豪クイーンズランド大学 教授のピーター・ムンビ氏は、「われわれの専門家チームは海流に関するデータを持っており、10月の満月のころにサンゴが大量繁殖するのに合わせて受精卵や幼生の流れを予測し、新しいサンゴを生み出す重要な場所を推定できる。だが、さらにサンゴ礁の情報があればもっと踏み込んだ対応もできる。そこに市民科学者の情報が活用できる」と述べた。GRCの情報を活用することで、回復に近づいているサンゴ礁を特定したり、ダメージを受けたサンゴ礁に健康なサンゴを移植したり、サンゴを食べるオニヒトデを駆除したりできる可能性があるという。
“市民科学者”参加の環境保全活動モデルを世界に展開していく
グレートバリアリーフにおける今回の取り組みは、他の地域のサンゴ礁に対しても適用できるように高い拡張性をもって設計されているという。Citizens of the Great Barrier Reefのリドリー氏は、デル・テクノロジーズとの協力を通じて、世界中のサンゴ礁にこの保全活動モデルを展開していきたいと語った。

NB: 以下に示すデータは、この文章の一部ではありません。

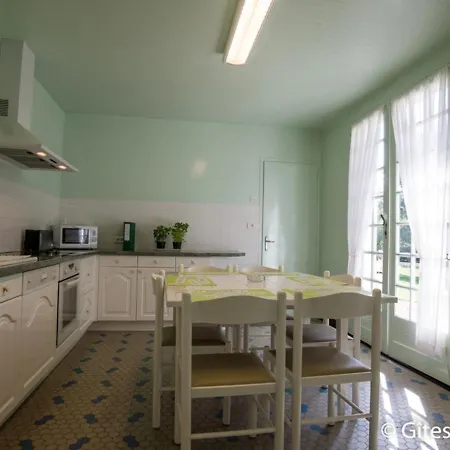 Gite Saint-Cirgues-Sur-Couze, 4 Pieces, 6 Personnes - Fr-1-630-111 *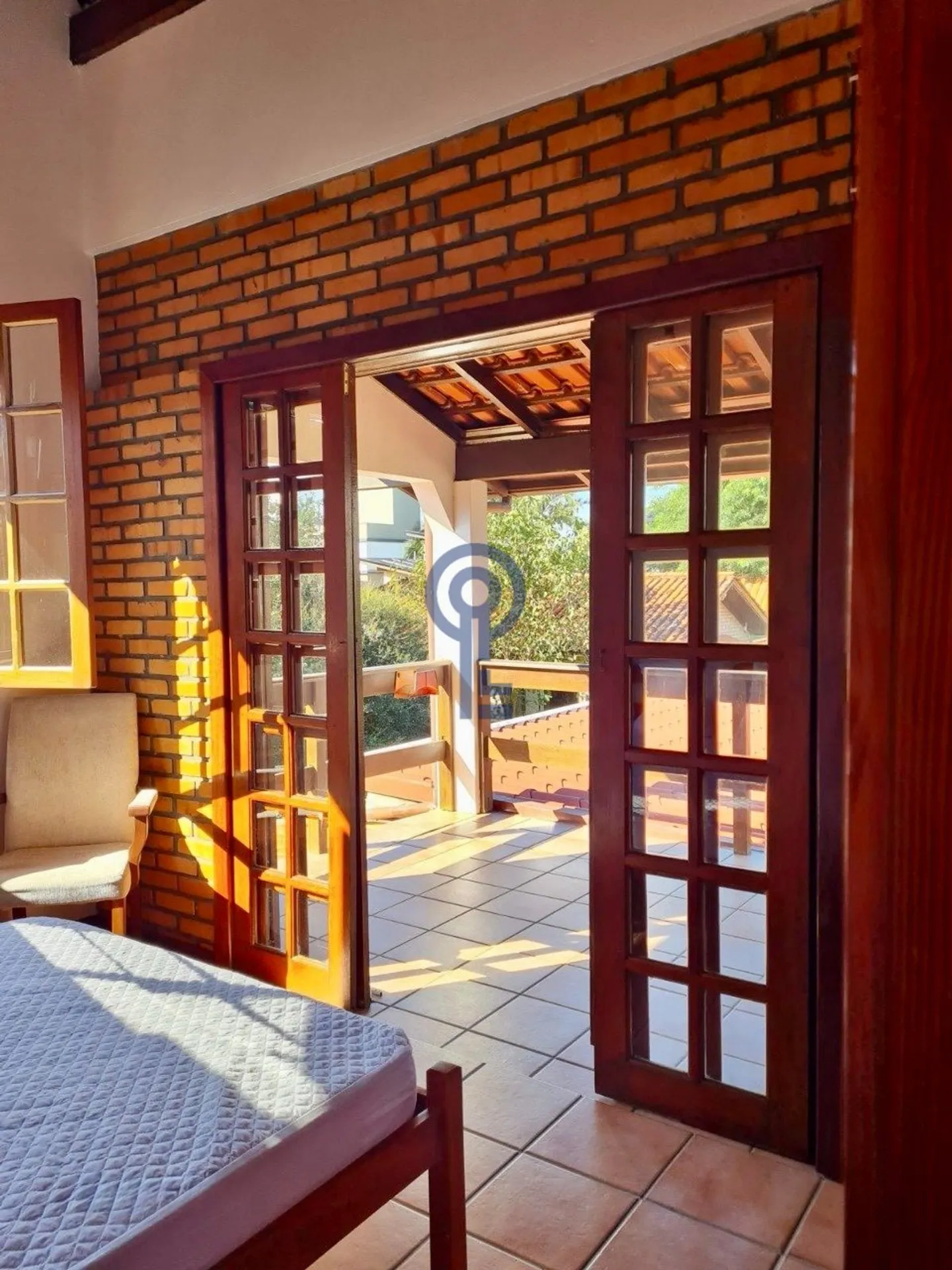 House with 2 bedrooms, both en-suite, plus private garden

「とくに東南アジアには、このようなプログラムに参加する熱心な人々や組織がたくさんあり、大きな可能性を秘めている。さらに、陸の生態系にも対応できるだろう。世界中の市民科学者、市民コミュニティを動員する力は大きい。水中からデータを収集するだけでなく、地球上のあらゆる場所から信頼性の高いデータを収集することで、世界全体が直面している環境や社会の諸課題に対処するためのテクノロジーを展開していくことができる。今回の取り組みは、その大きな一歩になる」(リドリー氏)
その動きはすでに始まっている。グレートバリアリーフでの実績をもとに、今後はオーストラリア西海岸にあるニンガルーリーフへの適用を予定。さらにインドネシアやモルディブ、セーシェルのほか、コーラルトライアングルなどのサンゴ礁も適用先の候補に挙がっていると説明した。